There is no cold like the first cold of January. January cold is pure and real and piercing, searing and deep. January cold is the real cold of winter and when it comes all pretense falls away; winter is here and it is here to stay.
The cold of what, two, two and a half weeks past now? That cold was the cold of January come home to us. Minus 15 give or take; couple nights running.
Daytime better but not much. Above zero but not a whole lot above.
The first day or two, that cold really hurts a person. It runs deep and brings chill and despair. Couple that cold with nightfall that seems to drop like a heavy curtain in late afternoon and one feels like the world has become a harsh and cruel place. We deal with it. Live up here and you’d darn well better find some way to cope. Either that or start the long slide to cabin fever. That affliction will leave one ill tempered and bitter at every passing day, treating the cold as personal affront.
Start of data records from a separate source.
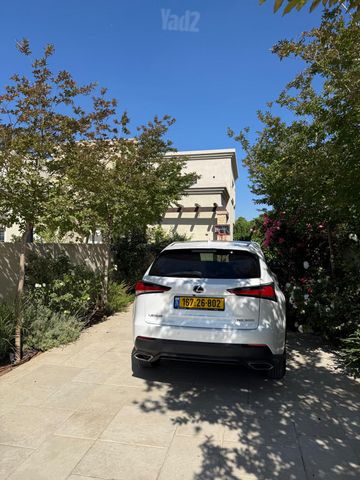 לקסוס NX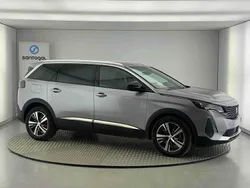 Cinza Usado 2024 Peugeot 5008 Allure Monovolume | € 34.990 (Bom preço)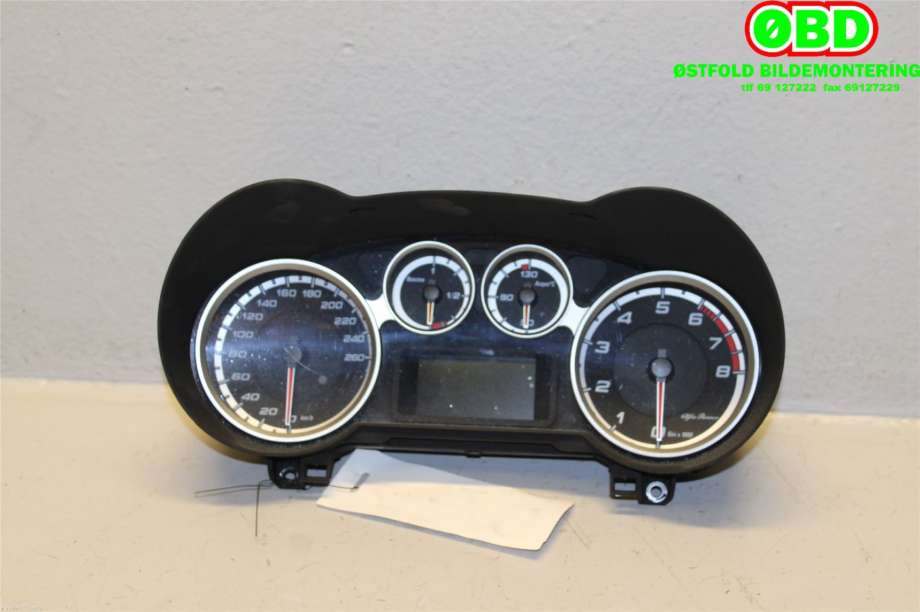 Instrumentpanel til Alfa Romeo MiTo 2008-2016 (ALFA ROMEO||50526740)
We got through it, that bitter cold. Then came snow, part and parcel of a normal Wisconsin winter. Say what you may but cold always bites harder over thin snow. Once we get a good layer of snow down the cold never seems as bad.
Thursday a week ago we skied, a trio of us, skied as temperatures budged a bit over ten above zero. The sky was blue and the sun bright over a couple inches of snow. It was a pretty good day to ski though one can argue that any day of skiing is a good day.
We skied out in the winter woods, into clear cut areas and back into the woods. There was a breeze but in the shelter of trees it was bearable. The ski trail was near to perfect; freshly cut, clear snow, tracks of a skier and dog ahead of us.
We did one loop in an hour then started another trail and came upon a pair of skiers. We stopped to visit. I mentioned the skier ahead of us with the dogs, the ones whose tracks we’d seen. The one skier looked at me like I was daft. “There’s nobody ahead of you. Those are wolf tracks.”
I recovered best I could: “I guess that’s why they’re so big.”
Wolves, three of them, smart and efficient had been using the packed ski trail instead of the energy-robbing deep snow off to the side. We’d skied over their tracks for a few miles. They were cruising the woods as we were and, as were we, on the packed trail for easier going.
The woods in the presence of wolves seem a different place than not. We skied on, easy and smooth and enjoying it all. But the shadows seemed a bit deeper than before.
On Sunday, on a different trail, I looked up and off to the side and saw a snowshoe hare still as a statue in the shadow. I coasted past, stopped and turned back. The rabbit (yes, I know, a hare not a rabbit but c’mon, you know what I mean) did not move. I got close, a few ski lengths away. It hunched there, white fur, black sparking eye and gray shaded ears.
Then I moved and it bounded away and was lost to the thickness. And I thought: Wolves one day, hare the next time out; both ends of the predator/prey spectrum. Thought; I wonder how much of this I ski past, head down, eyes on the track ahead. I like to think I see things but in truth I really don’t. My loss.
I skied once again; the third time of the past week, on a day when the weather had turned and the temperatures had risen. The evening prior we met friends and commented that it had the feel of late winter, of March. The air was heavy and humid and there was scent of dirt. Winter can deliver up a lot of things but scent is not one of them. Winter is cold and snowy but there is rarely scent in the air. On this night the darkness carried the scent of spring.
Next day I skied as temperatures bumped 40 degrees, a full 60 degrees spread from the cold of a few weeks earlier. The sun was high and bright and there were no clouds at all. The trail was moist and the skis very slow and I had to work harder than I like. January thaw had come.
I skied an hour and a half. I did not see another soul; had the trails to myself. On this day there was no wolf sign, no hares or rabbits, nothing moving at all. I pushed on the poles, skied one loop, then another and a third. It felt like spring skiing; warm and breezy and very nice. I thought of the swings in it all, the unpredictable pendulum of season and weather and what it brings to us. Nature is never predictable no matter what we think.
That morning someone had asked if I ever got away in the winter. I assured him I did, every time I went skiing. “No, no,” he retorted, “I mean south, Florida, Mexico, someplace warm.”
I told him, “No reason to.” And I meant it.